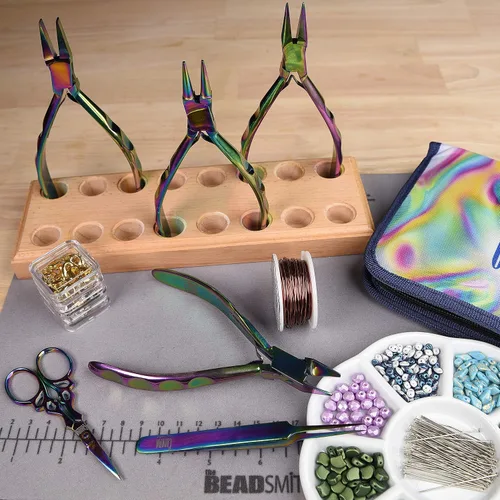 Miniatura 7 de The Beadsmith Juego de 6 piezas Chroma - Kit de herramientas para hacer joyas, acabado de titanio arcoíris, incluye 4 alicates con pinzas y tijeras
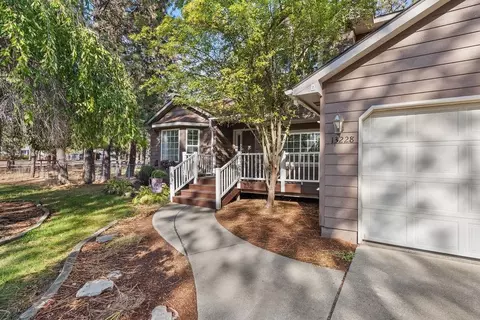 13228 W Sunnyvale Dr, Nine Mile Falls, WA 99026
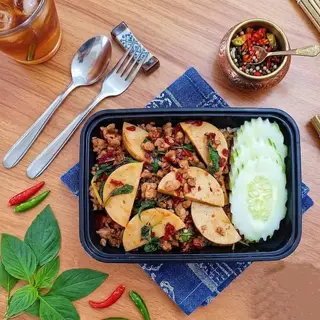 ข้าวกะเพราหมูยอ + หมูสับ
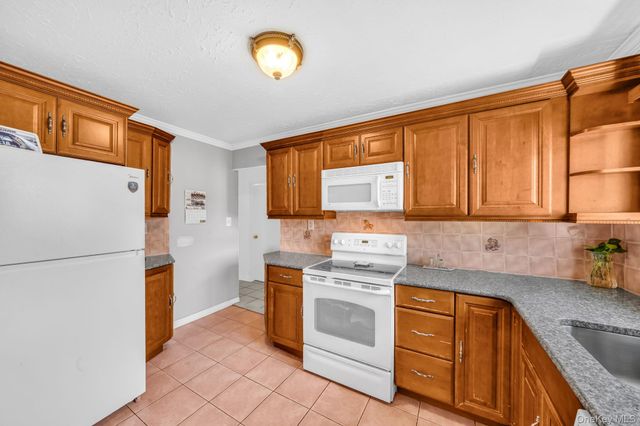 600 Astor Street, Elmont, NY 11003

------------------------------------------------------------------------

Activity ▸ Output the whole listing without change. Any picture is to be left out.

Written solution ▸
 Miniatura 7 de The Beadsmith Juego de 6 piezas Chroma - Kit de herramientas para hacer joyas, acabado de titanio arcoíris, incluye 4 alicates con pinzas y tijeras
 13228 W Sunnyvale Dr, Nine Mile Falls, WA 99026
 ข้าวกะเพราหมูยอ + หมูสับ
 600 Astor Street, Elmont, NY 11003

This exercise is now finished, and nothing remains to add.